DeSales High School was a Catholic school established in 1912 in the Diocese of Rochester. It was located in the northern sector of Geneva, New York. DeSales High's mission was "to provide an academically excellent education in an intimate, faith-filled community". It was the only Catholic high school in the Finger Lakes region. DeSales closed on July 31, 2012 by the Diocese of Rochester due to financial struggles and decreasing enrollment. The final Senior class (the class of 2012) graduated in the centennial of the school.

History

Former principals
Previous assignment and reason for departure denoted within parentheses.
Rev. John Muckle–1912-1916
Rev. Francis Mason–1916-1928
Rev. Edward K. Ball–1928-1939
Rev. Raymond P. Nolan–1939-1953
Rev. Joseph Hogan–1953-1955
Rev. C. Richard Nagle–1955-1957 (Unknown, transferred to St. Thomas' Church)
Rev.
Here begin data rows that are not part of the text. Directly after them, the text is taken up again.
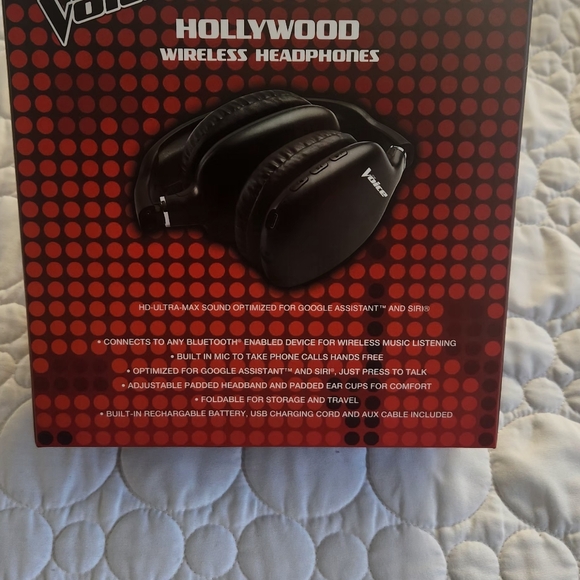 Voice Hollywood Wireless Headphones - Picture 3 of 3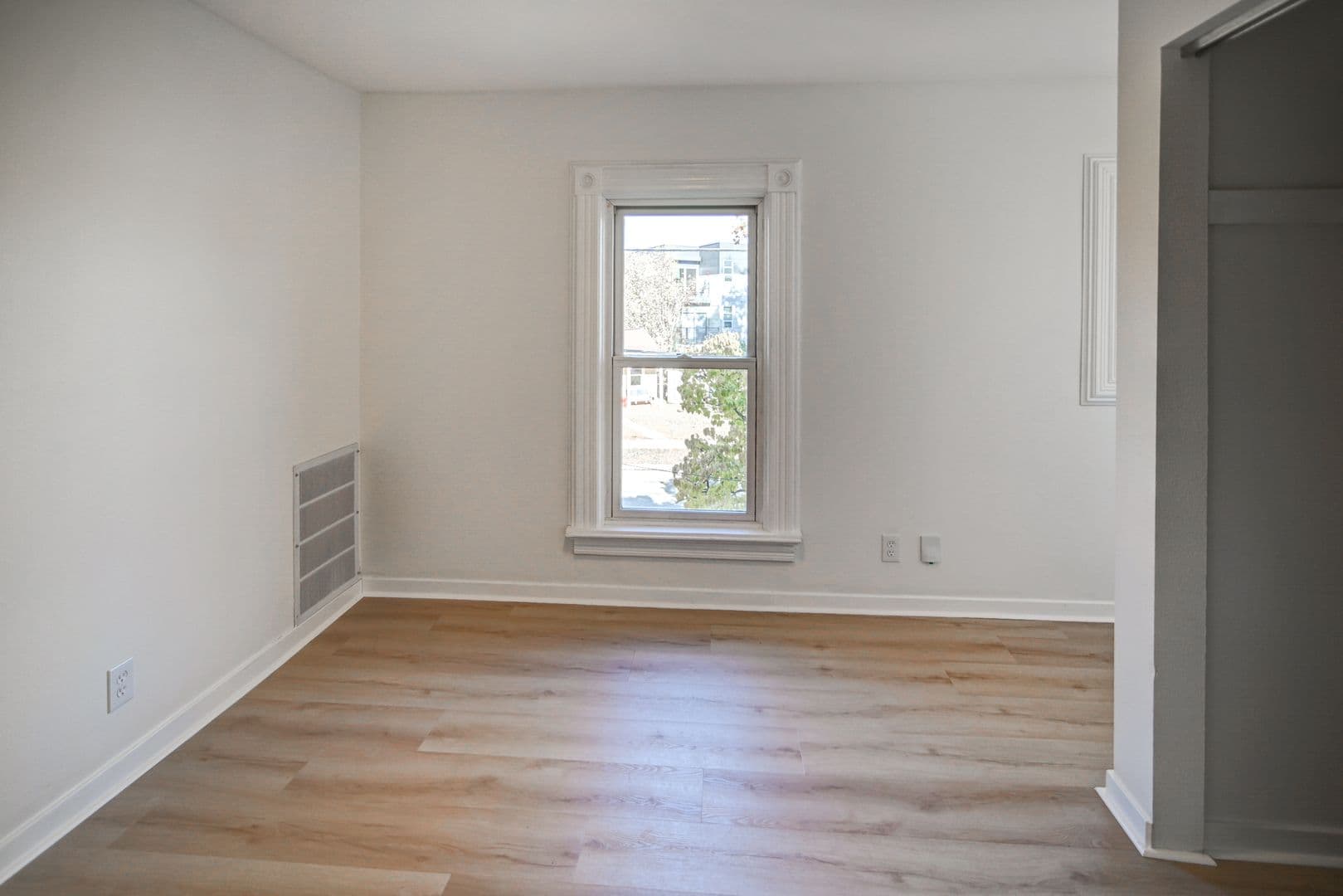 Madison Apartment: 731-733 Jenifer Street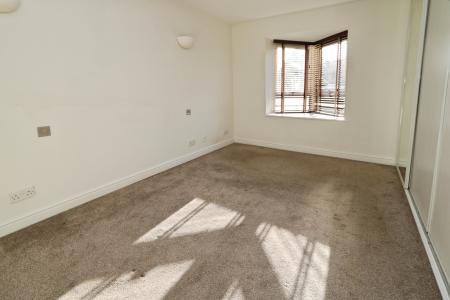 2 bedroom Flat to let in Crowborough Lane, Kents Hill, Milton Keynes, MK7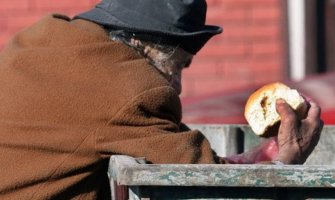 Vlada se opasno igra sa životima stotina hiljada ugroženih građana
John A. Morgan–1957-1958
Sr. Marie Margaret –1958-1959 (Latin/Music teacher - DeSales High School, named Vice Principal of St. Agnes High School)
Sr. Rose Adelaide–1959-1965
Sr. St. Andrew–1965-1970 (English teacher - DeSales High School, unknown)
Sr. Agnes Catherine Battersby–1970-1975 (Vice Principal - St. Agnes High School, named Pastoral Assistant of St. Patrick's Church)
Mr. Edward J. Tracey–1975-1999 (Principal - Bishop Kearney High School, retired)
Mr. Daniel E. Skinner–1999-2002 (Vice Principal - Waterloo High School, retired)
Dr. Karen M. Juliano–2002-2005 (Principal - Holy Rosary Academy, named President of Notre Dame Academy)
Rev. Joseph A. Grasso C.PP.S.–2005-2007 (Principal - Aquinas Institute, resigned)
Mr. Martin D. Cox–2007-2009 (Principal - Elma Primary School, named Superintendent/Principal of Grades PreK-4 of Fillmore Central School)
Mr. Scott C. Redding–2009  (Vice Principal - DeSales High School, named Assistant Administrator of Mynderse Academy)
Mr. Gerald J. Macaluso–2009-2012 (Interim Superintendent - Naples Central School District, retired)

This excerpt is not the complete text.